In the example of FIG. 8, the modulating element 106M comprises a signal generator 106S and a passive element such as a variable resistor 106R or a variable capacitor 106C. Active and passive amplitude modulation are conducted by the receiver 106 to communicate back channel data. VDD2 is the power supply of the receiver 106, I_S is the bias signal of the signal generator 106S in the receiver 106, and I_P is the bias signal of the signal generator 102S in the transmitter 102. The transmitter 102 starts the OOK high at time 0 with I_P high. The receiver 106 provides passive clamping at time zero when VDD2 is low by setting the passive modulating element 106R, 106C to increase the load. The receiver 106 starts up at 802, and the passive modulating element 106R, 106C is set to decrease the load and increase the amplitude of the carrier signal. This scheme communicates to the transmitter 102 that the receiver 106 is ready. The receiver 106 sets I_S high at 804 and the amplitude of the carrier signal increases. At 806, the transmitter 102 sets I_P low, reducing the amplitude of the carrier signal. When both I_P and I_S are low at 808 there is no carrier signal. The receiver 106 can generate the carrier signal independent of the transmitter 102 at 810 by setting I_S high when I_P is off. These various ASK states can be used to communicate symbols in either direction. The transmitter 102 can decode data from the receiver 106 because the transmitter 102 knows its own modulation state. Similarly, the receiver 106 can decode data from the transmitter 102 because the receiver 106 knows its own modulation state.

In some embodiments, the modulating element 106M may be one or more of a passive modulating element or an active modulating element. Other types of modulating elements include active clamp circuits, other types of active circuits that modulate a parameter of the carrier signal, or other types of passive load circuits that modulate a parameter of the carrier signal.

FIG. 9 illustrates a method 900 of communicating data, in accordance with some embodiments. At 902 a carrier signal encoded with first data is generated. At 904, the carrier signal is communicated over a barrier device 104, comprising an isolation barrier 200, 218, 220 and a tuning circuit 201 connected to the isolation barrier 200, 218, 220 to establish a resonance condition for communicating the carrier signal over the isolation barrier 200, 218, 220. At 906, second data from a remote device (e.g. the receiver 106) is decoded based on at least one parameter of the carrier signal.

In some embodiments, the carrier signal may be generated and communicated over the isolation barrier at a non-resonant frequency. For example, the signal generator generates the carrier signal at a frequency that does not correspond to a resonance frequency of the barrier device. In this case, the tuning circuit connected to the isolation barrier may be configured to establish a steady-state condition. In other words, the tuning circuit may be configured to establish a predefined oscillation behavior of the barrier device without necessarily establishing a resonance condition based on the carrier signal. In some embodiments, the tuning circuit may be configured to establish the steady-state condition such that a resonance frequency of the barrier device is different than a frequency of the carrier signal.

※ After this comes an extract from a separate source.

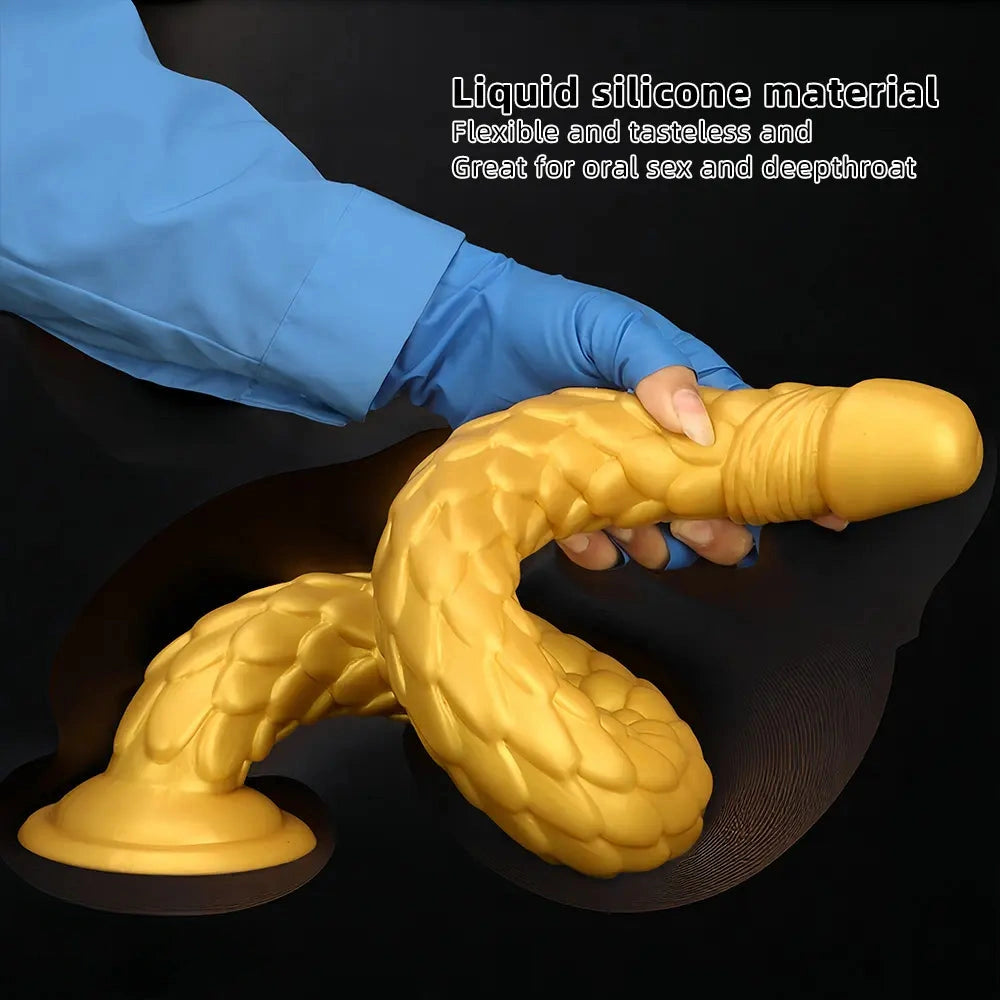 24.4in Gold Silicone Extra-long Scales Huge Dildo For Women Men Gay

Thus, the tuning circuit connected to the isolation barrier may be configured to tune the oscillation behavior and/or the impedance of the barrier device such that the carrier signal can be communicated over the isolation barrier without relying on resonance. Here, the circuit may operate in a forced oscillation mode. Such operation mode may require more power and/or a signal-to-noise ratio of the transmitted signal may be lower than in the resonant case, but other parameters of the communication device may be improved, such as EMI compatibility. In some embodiments, the tuning circuit may be configured to tune the barrier device such that an amplitude of the carrier signal is larger than a predefined lower threshold and smaller than a predefined upper threshold. Here, the lower threshold may be larger than 0 and the upper threshold may be less than 50%, or less than 20%, of a corresponding amplitude at resonance. “Corresponding amplitude at resonance” may refer to the amplitude that would be achieved at the same conditions (i.e., drive strength, load conditions, etc.) but at resonance frequency. In further embodiments, the tuning circuit may be configured to tune the barrier device such that a return loss of the carrier signal is higher than at the resonance condition.

According to some embodiments, a communication device comprises a signal generator configured to generate a carrier signal, control logic configured to encode first data in the carrier signal, a barrier device comprising an isolation barrier connected to the signal generator and a tuning circuit connected to the isolation barrier to establish a resonance condition for communicating the carrier signal over the isolation barrier, and a receiver configured to decode second data from a remote device based on at least one parameter of the carrier signal.

According to some embodiments, the remote device is configured to modify the at least one parameter of the carrier signal to encode the second data and the remote device is configured to decode the first data based on the carrier signal.

According to some embodiments, the control logic is configured to modify the at least one parameter of the carrier signal to encode the first data, the remote device is configured to decode the first data based on the second data and the at least one parameter of the carrier signal, and the receiver is configured to decode the second data based on the at least one parameter of the carrier signal and the first data.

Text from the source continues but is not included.